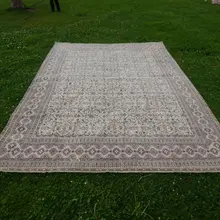 Большой размер комнаты Boho шикарный цветочный винтажный ковер 8,4x11,6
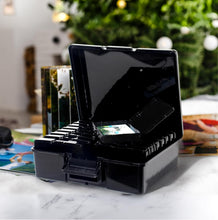 Lade das Bild in den Galerie-Viewer, Fotobox, Sortierboxen für Kleinteile, 16 innere Fotohalter, Aufbewahrungsbox Transparent für Postkarten, Fotos, Spielzeug
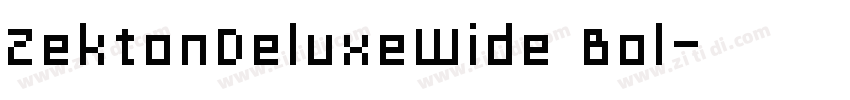 ZektonDeluxeWide Bol字体转换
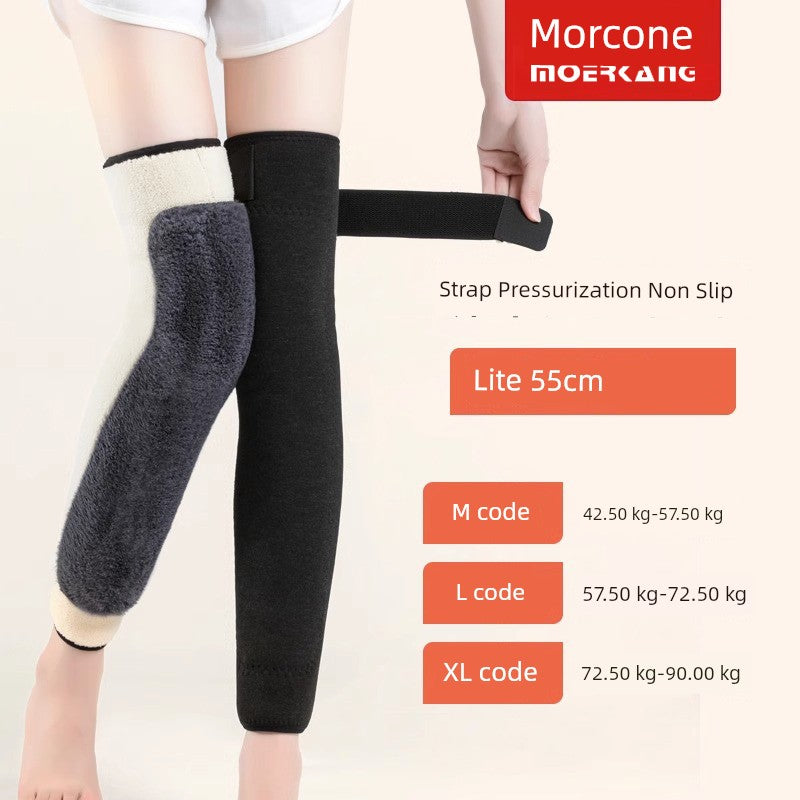Non-Slip plus Velvet Heattech Old Cold Legs Fall and Winter Knee Pad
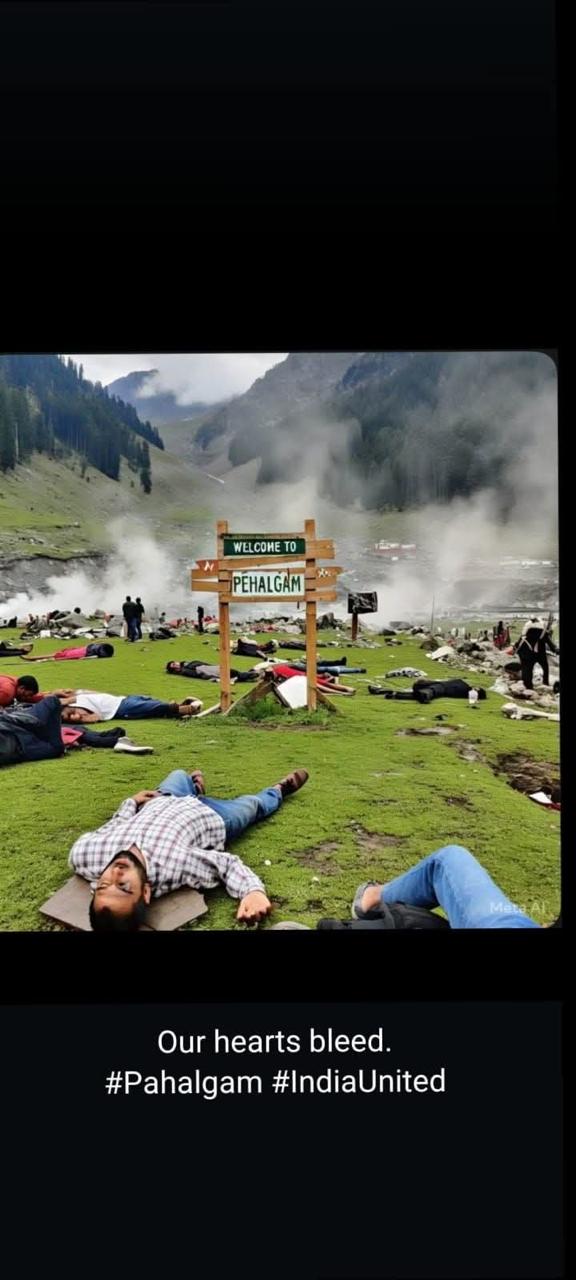 ALL EYES ON #PAHALGAM! 
#terrorist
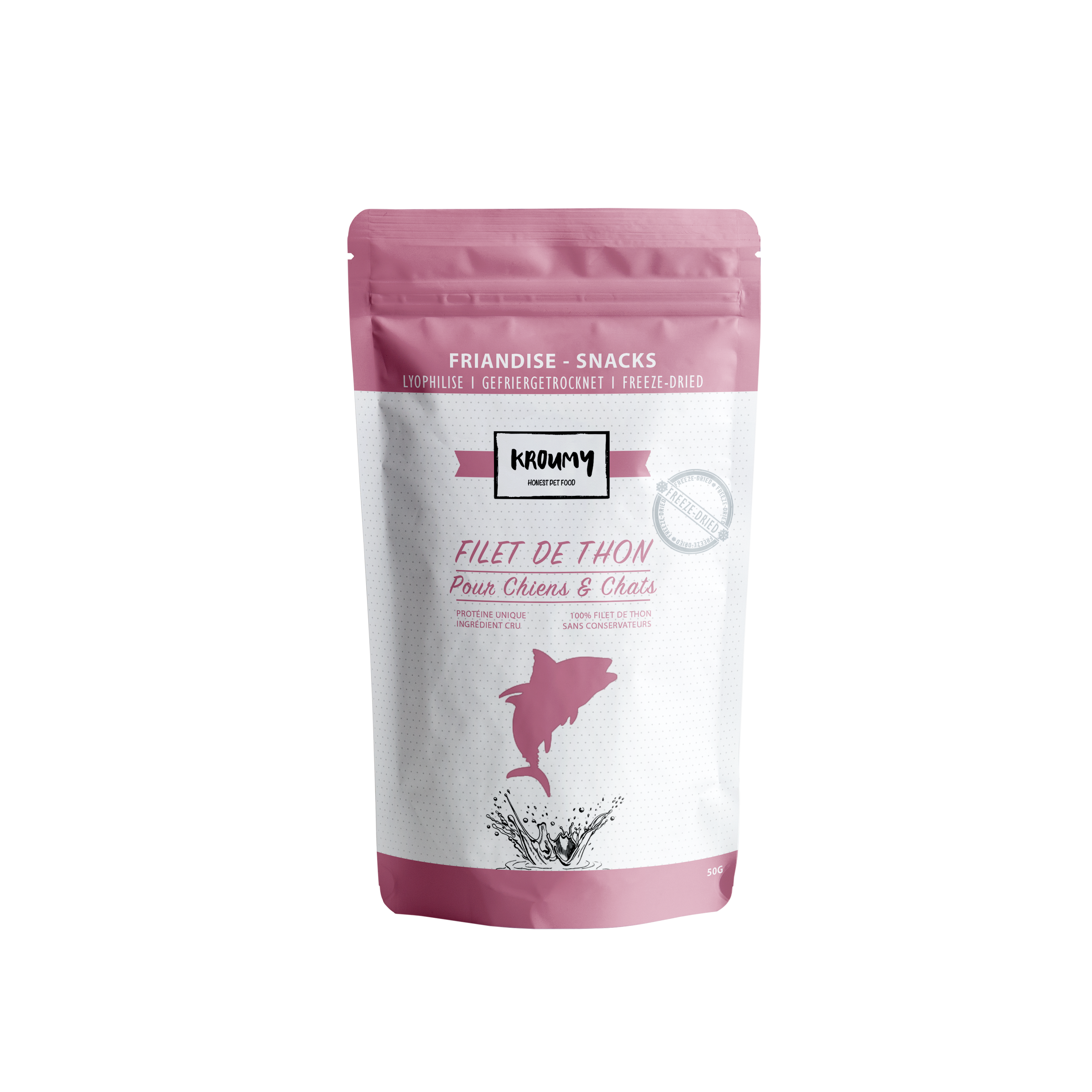 Natural dog treats tuna fillet snacks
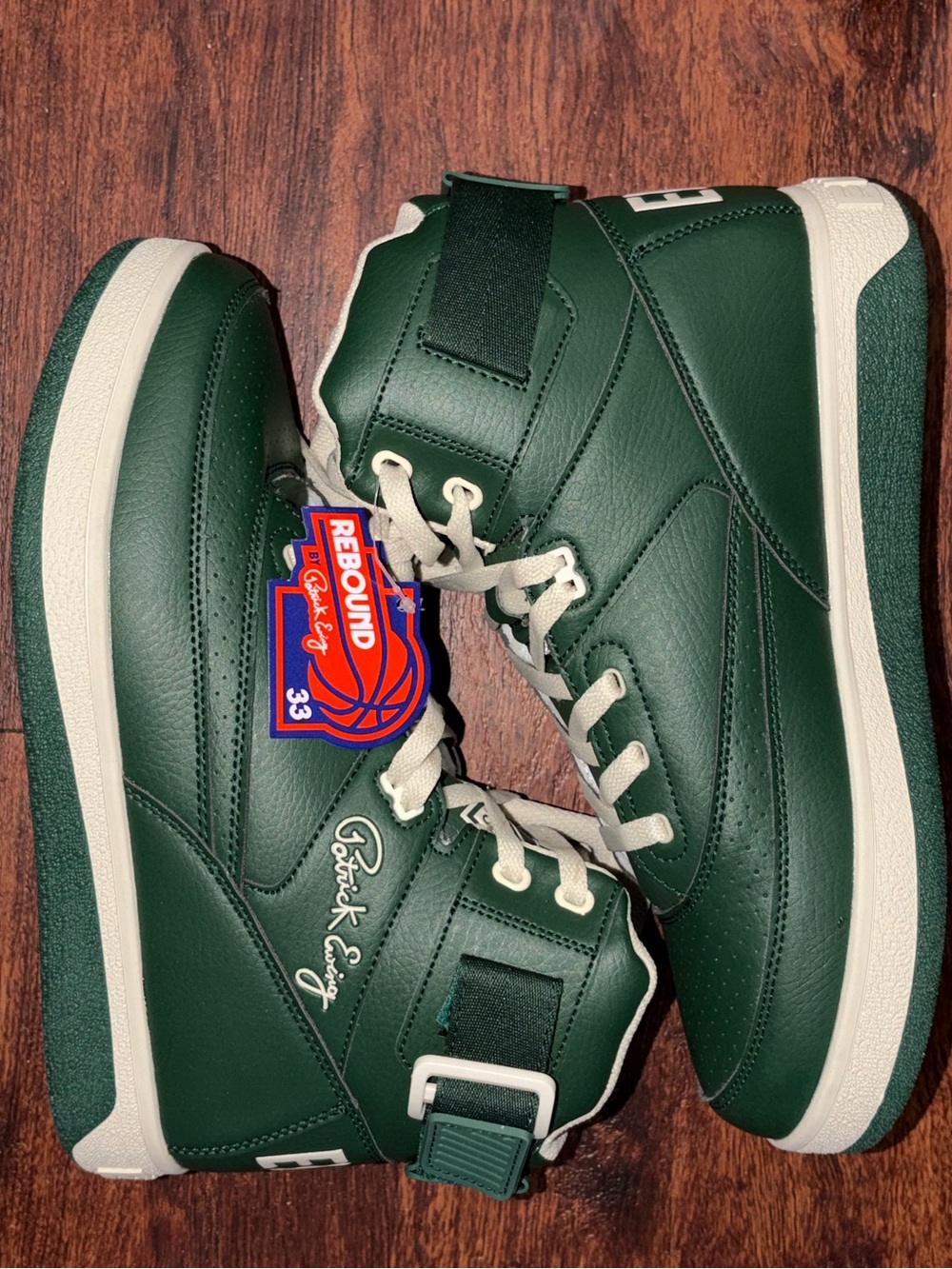 Patrick Ewings shoes size 9 green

-----

> [What this task involves]:
Could you reproduce the records above exactly, leaving out the pictures?

> [Expected answer]:
 Большой размер комнаты Boho шикарный цветочный винтажный ковер 8,4x11,6
 Lade das Bild in den Galerie-Viewer, Fotobox, Sortierboxen für Kleinteile, 16 innere Fotohalter, Aufbewahrungsbox Transparent für Postkarten, Fotos, Spielzeug
 ZektonDeluxeWide Bol字体转换
Non-Slip plus Velvet Heattech Old Cold Legs Fall and Winter Knee Pad
 ALL EYES ON #PAHALGAM! 
#terrorist
 Natural dog treats tuna fillet snacks
 Patrick Ewings shoes size 9 green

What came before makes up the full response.